To his backers, Mr. Platner’s unconventional style and personal journey are what made him the man for this political moment. Daniel Moraff, a left-wing consultant, insisted during a June interview with The Wall Street Journal that voters had grown tired of bland, on-message Democrats. “Part of our thesis here is that people do not want their candidates grown in vats. They want people who are real human beings.”

During high school in Bangor, Mr. Platner was voted “most likely to start a revolution.” He served four combat tours as a Marine, then worked as a security contractor, before returning to Maine to start over.
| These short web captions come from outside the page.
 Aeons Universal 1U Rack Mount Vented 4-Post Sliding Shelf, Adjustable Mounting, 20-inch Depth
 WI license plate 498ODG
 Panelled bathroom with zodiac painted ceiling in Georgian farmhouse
Along the way, he left a trail of controversies that dogged his campaign to the point at which some Democrats had written off his chances in November. He had a chest tattoo that is a known Nazi symbol, wrote provocative social media posts and called himself an “antifa supersoldier,” and reportedly sexted with other women while married.
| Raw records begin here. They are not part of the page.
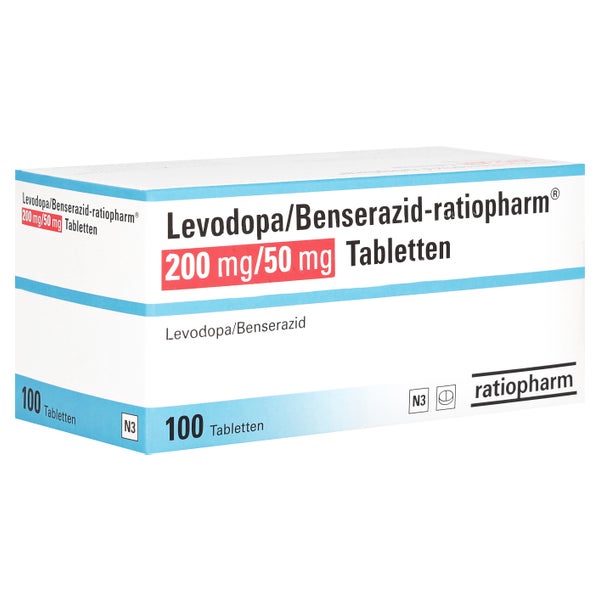 LEVODOPA/Benserazid-ratiopharm 200 mg/50 mg Tabl. 100 St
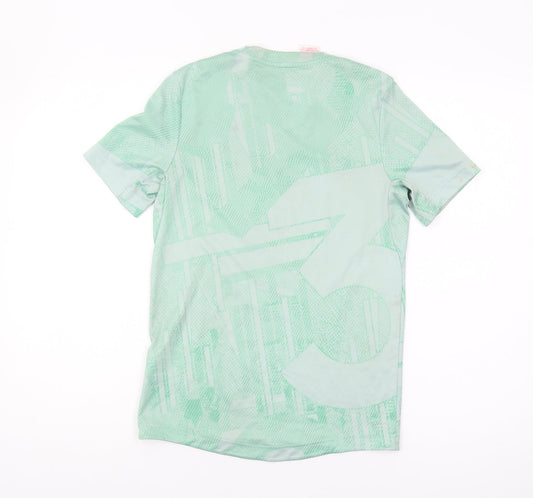 Adidas Boys Green Geometric T-Shirt - Size 11-12 Years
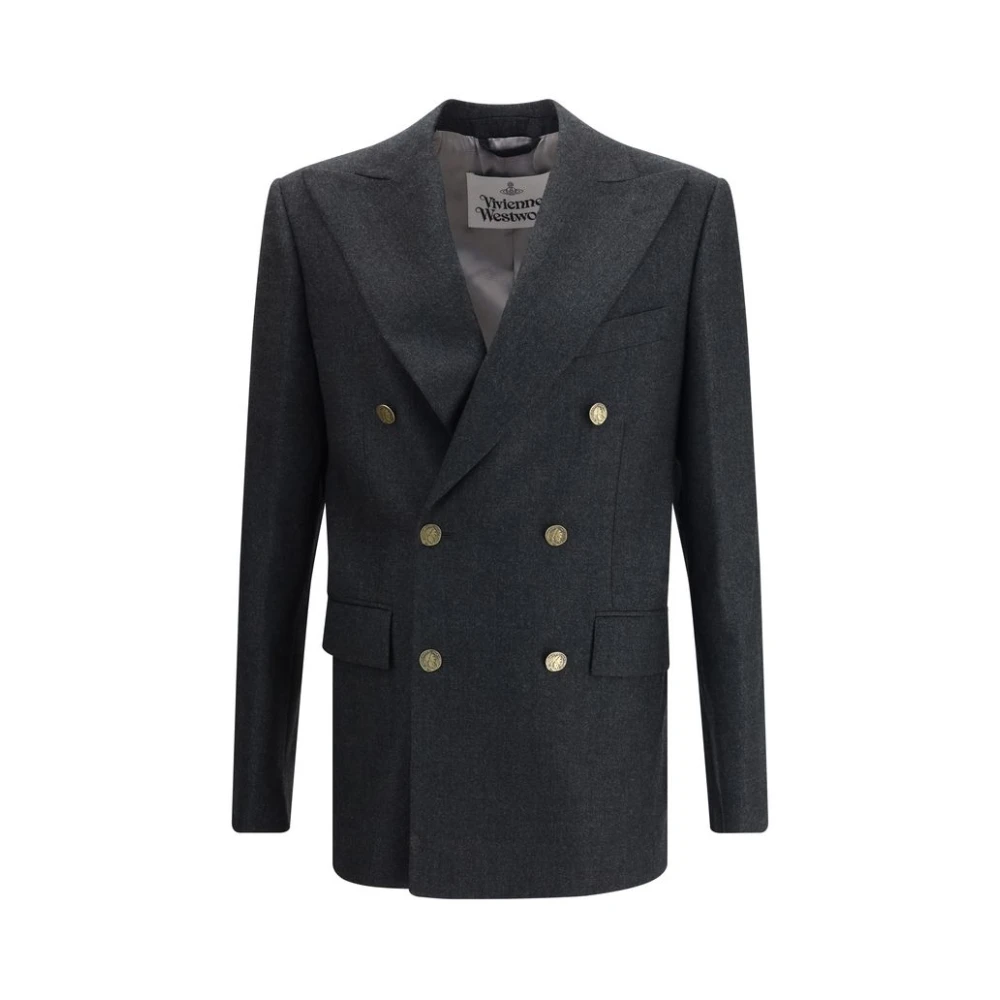 Vivienne Westwood Men's Black Captain Jacket Aw25 Fleece Wool Italy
But his supporters stuck with him, and his events drew large, enthusiastic crowds. “He did something that was real. Our politics is a little boring up here,” says David Farmer, a longtime Democratic consultant in Maine. “That energy was real. It was easy to understand why people thought he was different and might be able to survive the scandals.”

Erin Oldham, a real estate entrepreneur, hosted a fundraiser in Portland for Mr. Platner. Now, she’s feeling “very disappointed and frustrated” at Mr. Platner because he gambled that his personal history wouldn’t be fully revealed in a high-stakes election. A tattoo is one thing, she says. “Violence towards women is a totally different thing.”

Like other progressive Democrats, she saw Mr. Platner as a bold candidate who spoke truth to power. “We’re looking for somebody with a clear message, and he does have a clear message. But he’s not a clear messenger,” she says.

This focus on finding an authentic messenger speaks to the broader challenge for Democrats who have lost their way with blue-collar voters, says Joan Williams, author of “Outclassed: How the Left Lost the Working Class and How to Win Them Back.” The rush to embrace Mr. Platner, and to explain away his brash ways, parallels the 2022 campaign of Sen. John Fetterman of Pennsylvania, who married progressive policies with a working-class image.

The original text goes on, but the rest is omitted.